In a surprise move in 2014, it was announced that NBC's Alex Flanagan would no longer be the sideline reporter for Notre Dame football games. Flanagan had roamed the South Bend sidelines for NBC since the 2007 season and also appeared on FNIA every Sunday reporting from the big NFL games of the day.

==NBC Sports Olympics and Swimming==
Flanagan covered her first Olympic assignment for NBC in August 2008, anchoring six hours of Olympic coverage nightly on CNBC and USA Network during the Beijing Olympics. That following year, she reported from the U.S. Swimming National Championships where Michael Phelps broke the 100-meter butterfly record. She was also on deck for the 2010 Pan Pacific championships in Australia helping call the action with Rowdy Gaines and Ted Robinson and Dan Hicks.

The Rio Olympics were her fifth consecutive Games with NBC Olympics. She previously served as a reporter in Vancouver in 2010 (sports desk), London in 2012 (diving), and Sochi in 2014 (biathlon and cross-country skiing), and was a host of CNBC and USA Network coverage during the 2008 Beijing Olympics. In Rio she and Dhani Jones did a shopping story on the Rio megastore for NBC New York.

== Other notable appearances ==

=== Today Show ===
Flanagan worked as a reporter for NBC's Today Show. She did a segment called Today's Extra Yard which highlighted the charitable work of various NFL players.

=== INC.com and USA Today ===
Flanagan has written for publications and websites including USA today High school sports and INC.com. In one article she wrote about the 5 best leadership traits from Peyton Manning.

=== Bridgestone Commercial ===
Flanagan appeared in Bridgestone's ad campaign for the company's performance tires which debuted during the Winter Classic on Jan. 2, 2012. The first ad spot depicted a press conference, ostensibly at Bridgestone headquarters but actually filmed in an office park south of Los Angeles, in Irvine. In the ad an earnest chief engineer takes the stage addressing a group of media types, including NBC's Mike Milbury, ESPN's Barry Melrose, Dick Vitale and Adam Schefter, TNT's Kenny Smith, and Alex Flanagan, who was doing double duty for NFL Network and NBC.

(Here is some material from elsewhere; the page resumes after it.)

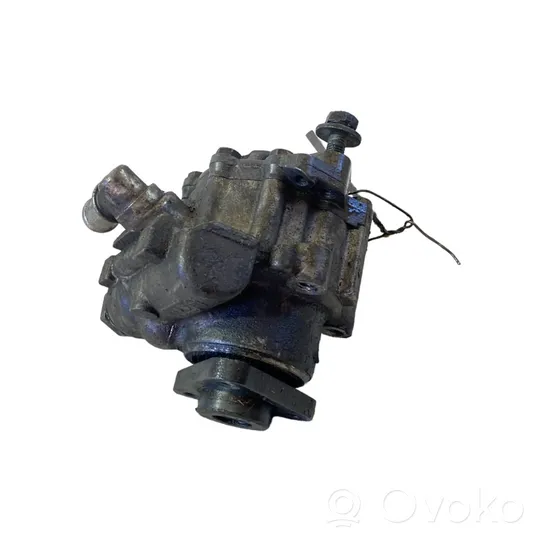 Audi A6 S6 C6 4F Pompe de direction assistée 4F0145155P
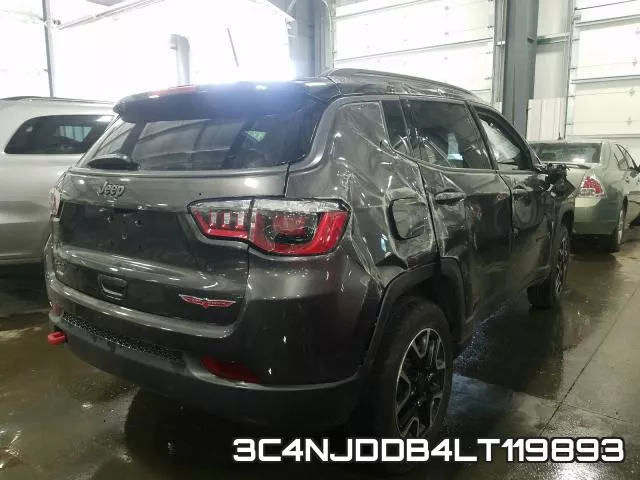 3C4NJDDB4LT119893 фото 5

=== Madden Most Valuable Protectors Award ===
The NFL Network's Alex Flanagan announced the New England Patriots as winners of the Madden Most Valuable Protectors Award as the year's best offensive line during the week of Super Bowl XLV in Dallas, Texas, on February 3, 2011

===Madden NFL video games===
Flanagan can be heard and seen in the popular video games Madden NFL 10 and Madden NFL 11, in the franchise mode. NFL Network analysts Fran Charles and Flanagan go through the week's matchups and highlights where she hosts an in-game weekly recap show called The Extra Point. The Extra Point also provided a halftime report, listing scores and statistics. Reviews called it a nice addition to the series saying the show still goes a long way toward bringing your Sunday TV experience into video game form, but could do with some fleshing out and less robotic dialogue.

=== The Alliance of American Football (AAF) ===
In 2019 Flanagan was announced as the first on-air hire for the Alliance of American Football (AAF). Flanagan was the host of the league pregame, halftime, and postgame shows with Cynthia Frelund, Rod Woodson, Terrell Davis and Marvin Lewis. The Alliance of American Football filed for Chapter 7 bankruptcy after the league folded and left many of its employees unpaid.

=== The Bowerman Presentation ===
Flanagan hosted The Bowerman Presentation in 2019 at the Grande Lakes Resort in Orlando, Florida. The Bowerman Award is considered track & field's highest honor and is given to the top collegiate male and female athlete annually.

==Personal life==
Flanagan is a native of Sonoita, Arizona. She is married to former University of Arizona basketball player Kevin Flanagan. They have three children. Her family owns the steak restaurant, "The Steak Out" (located in Sonoita). Her brother, Mark Wystrach, is the lead singer of the country music band Midland and another brother, Mike Wystrach, founded the food delivery company Freshly.